This is hardly the only example, just the most recent. The idea did have some merit in prior years. From ages 28-30 Yadier Molina was one of the very best players in all of baseball, but last year he took a step back as he ventured deeper into his 30s. His .282/.333/.386 line with a 102 wRC+ in 2014 is average, making him above average for a catcher, but it no longer means his bat is one that needs forcing into a lineup. His overall line was hurt by injury, but even before he was injured he was not hitting as well as he had been in previous seasons. When he went down with the thumb injury, he was hitting .287/.341/.409 with a wRC+ of 110 in 335 plate appearances.
The injury hurt him at the plate when he returned, bringing down his overall line. However, projections for next season have Molina closer to his first-half pre-injury line. Steamer projects Yadi to hit .284/.335/.418 and a wRC+ of 112 while ZiPS has him at .292/.340/.426 and an OPS+ of 111. Those are very good numbers and combined with his defense, he should have another 4-win season in him and be a relative bargain for the Cardinals at $15 million.
Although Molina should still be above average at the bat and one of the most important Cardinals players headed into 2015, that does not mean the team should look for extra ways to get him in the lineup. Catcher is a grueling position and as Molina ages, he should be getting more rest. From 2011-2013, Molina was incredibly durable, averaging 132 starts at catcher per year. If he plays at least 130 games at catcher in 2015, he will be the first catcher Age-32 and older to accomplish that feat this decade.
If the Cardinals want to get Molina in the lineup, they should be putting him in at his most valuable, playing catcher. Giving him starts at first base takes away much of the positive effect that he has on the game defensively. The extra offense, if any, at first base likely does not make up for the lack of rest the 32-year old catcher needs. The chart below shows the Cardinals production at first base as well as the statistics of Molina, Matt Adams, and Mark Reynolds. Adams' abbreviated 2012 is not included, and the 2015 statistics are Steamer projections available at Fangraphs.

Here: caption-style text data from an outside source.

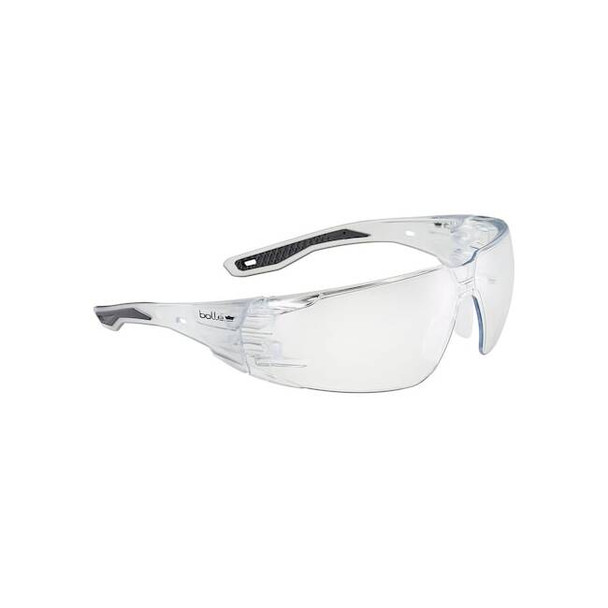 Bolle Safety Safety Glasses,Clear Lens RUSHMN10U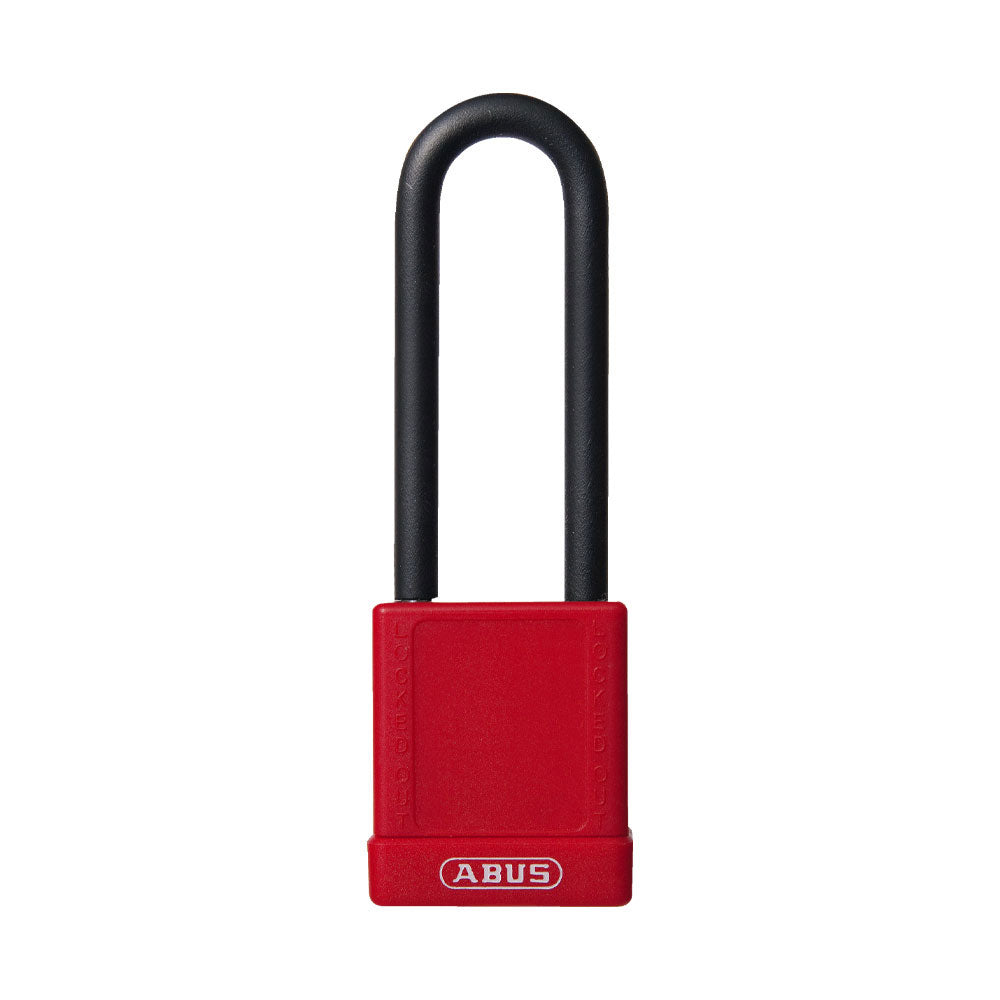 ABUS - 74/40HB75 - Synthetic Coated Corrosion and Chemical Resistant Aluminum Padlock - 3 Inch Shackle with Optional Keying and Optional Finish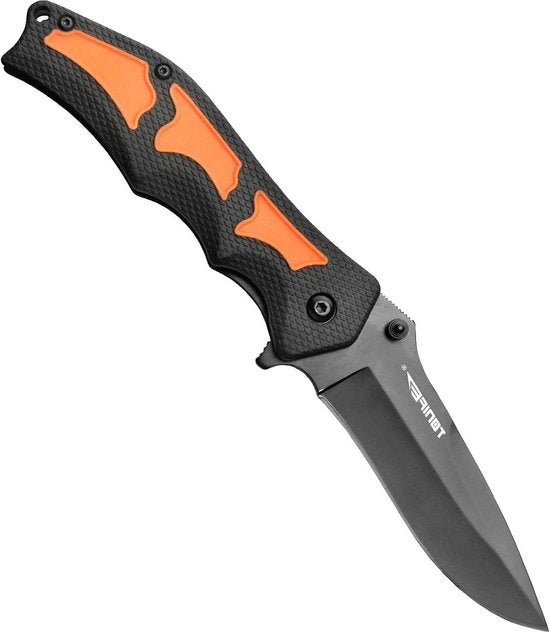 Zakmes con manico in legno - stile celtico - custodia in pelle autentica - colore marrone scuro
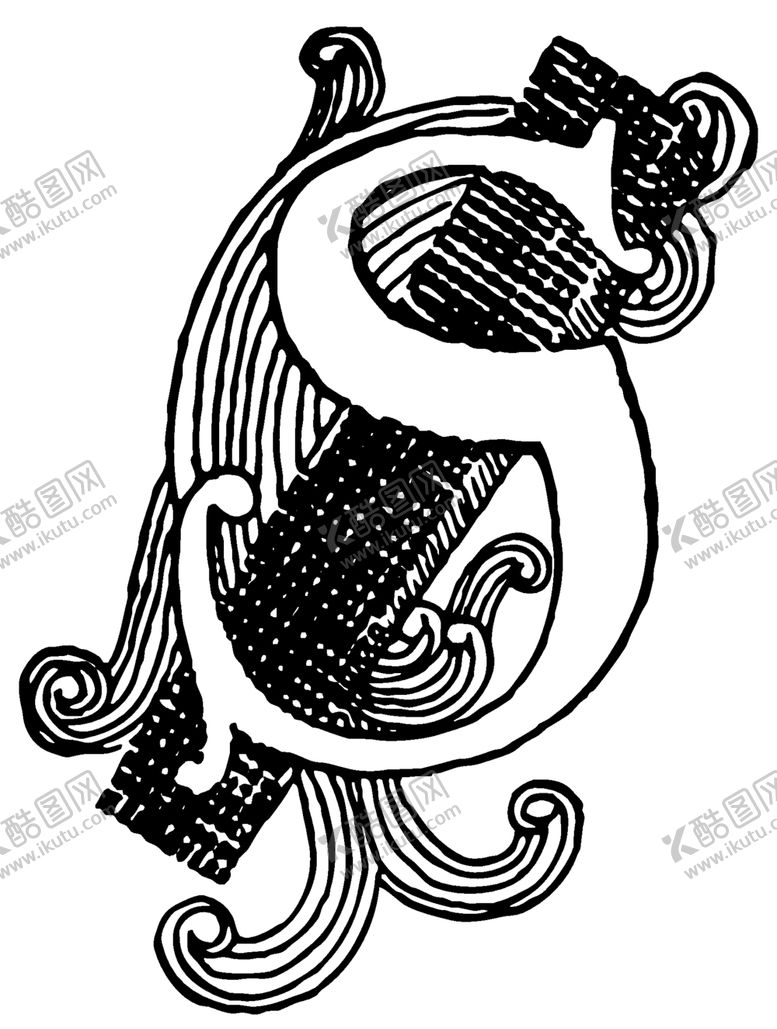 编号：13789807051117101014【酷图网】源文件下载-矢量英文复古装饰字母素材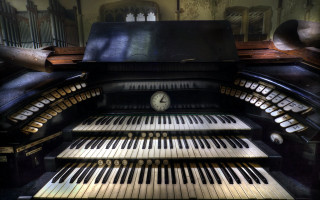 Clock piano keyboards organes bryan - unreal engine free wallpaper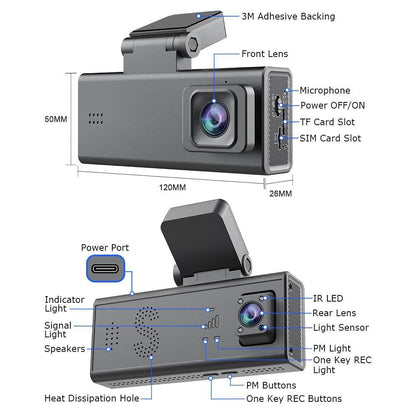4G CAR DASH CAMERA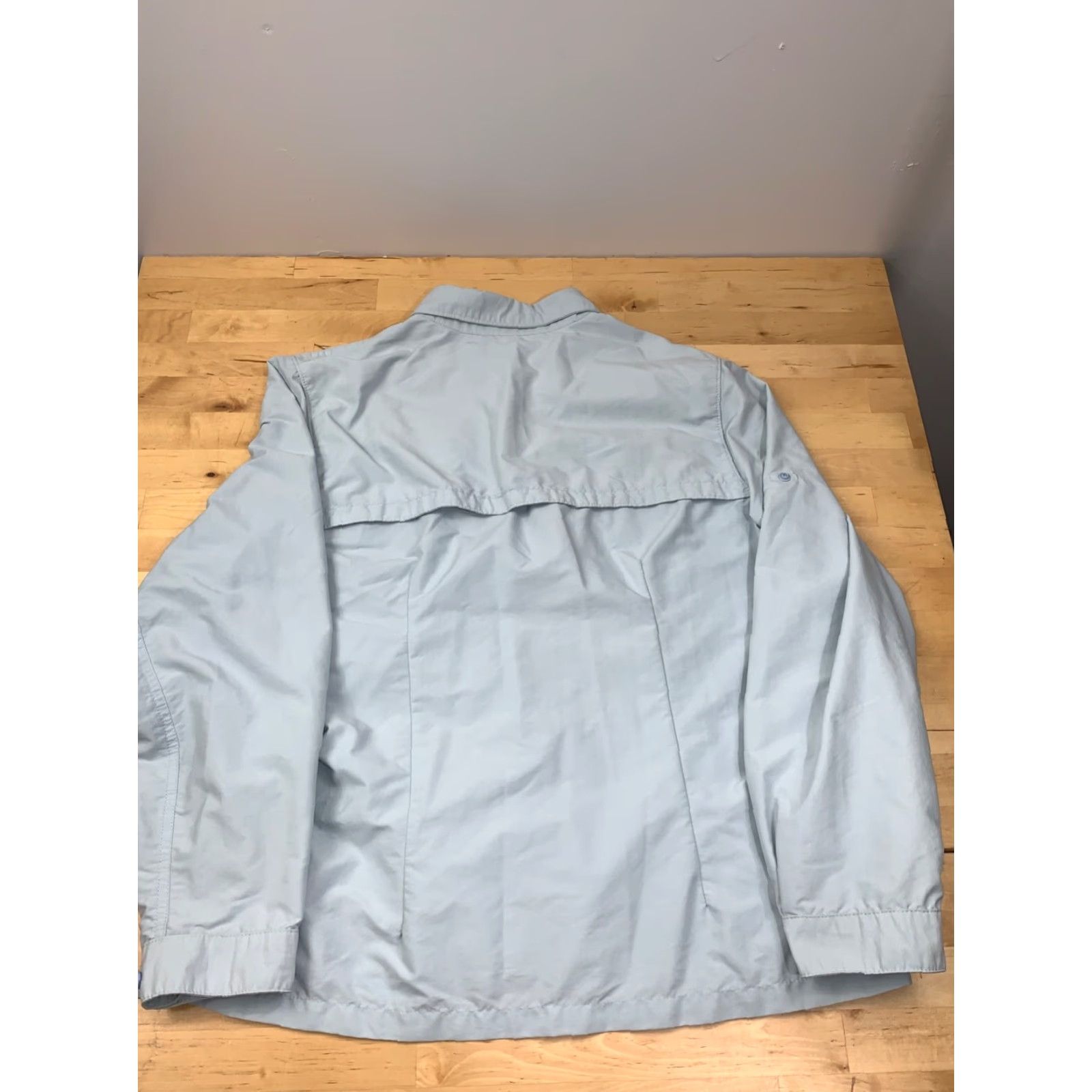 Vintage L.L. Bean Powder Blue Long Sleeve Button Up L Reg Women Casual Shirts Long Sleeve Button Up Powder Blue L Reg Women Activewear Solid Blue Women Size L / US 10 / IT 46 - 2 Thumbnail
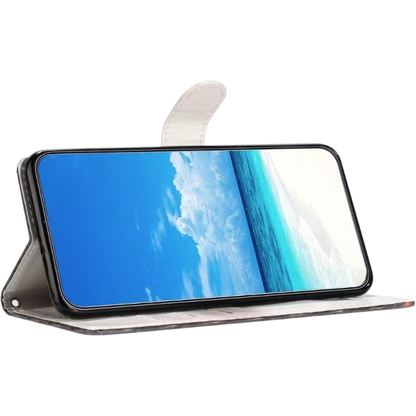 Preklopna torbica "leopard" za Samsung Galaxy A41, rdeča – Infostyle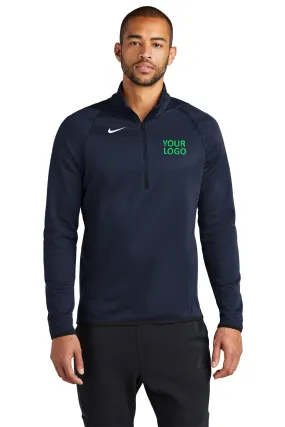 Custom Nike Therma-FIT Custom Quarter Zips, Team Navy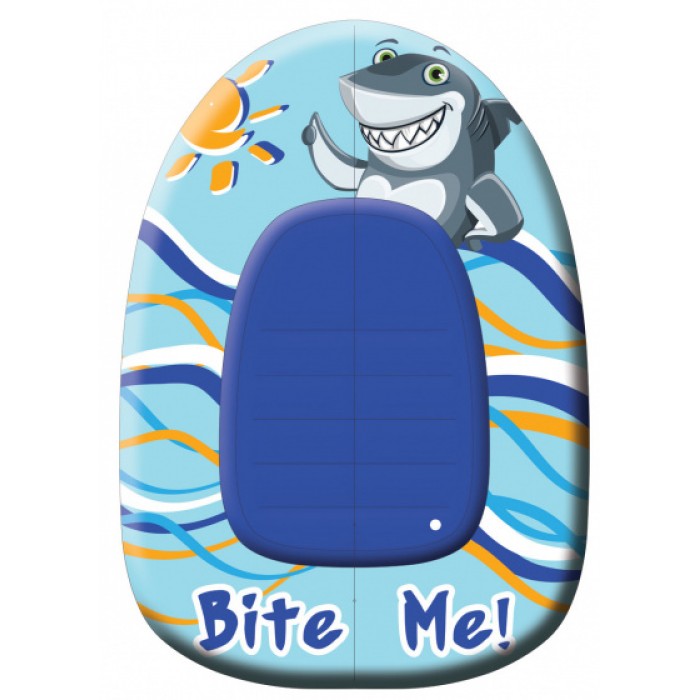 opblaasboot Shark junior 102 x 69 cm vinyl blauw/geel/wit opblaasboot Shark junior 102 x 69 cm vinyl blauw/geel/wit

In 2011, Albert Pujols took the bulk of the plate appearances at first base with phenomenal numbers. In 2012 and 2013, Molina outperformed the Cardinals' first basemen, but dipped below them and Adams in 2014. The projections have Adams and Molina as similar hitters in 2015 with Reynolds coming in as average.
Presumably, the argument for Molina getting starts at first base is that Adams will play in perhaps 120-130 games this season, mostly against right-handers, and giving Molina some of the starts against left-handers gives the Cardinals a decent lineup advantage. If we give Reynolds a base of 20 starts, which seems pretty reasonable as a bench bat or potential platoon partner, there are roughly ten starts left that could go to either Reynolds or Molina. Using Molina over Reynolds for those ten games based on the projections would net the Cardinals roughly a single run. One run is not nothing, and an argument could be made that Molina is much better against lefthanders. However, even increasing the gap as hitters still nets the Cardinals maybe two runs instead of one.
Molina to first base is an idea that has made some sense in the past, but the benefit that might have existed a few years ago has evaporated. Taken with the extra toll on an aging catcher, stealing a few extra starts at first base for Molina should no longer be an option. Yadier Molina is an incredible defensive catcher who brings tremendous value to the Cardinals. St. Louis should be looking to maximize his appearances by making sure that every game he plays in is one they can get the most possible value from him. Those games need to happen at catcher. As he exits his prime, Molina should be getting real days off from playing the most taxing position in baseball.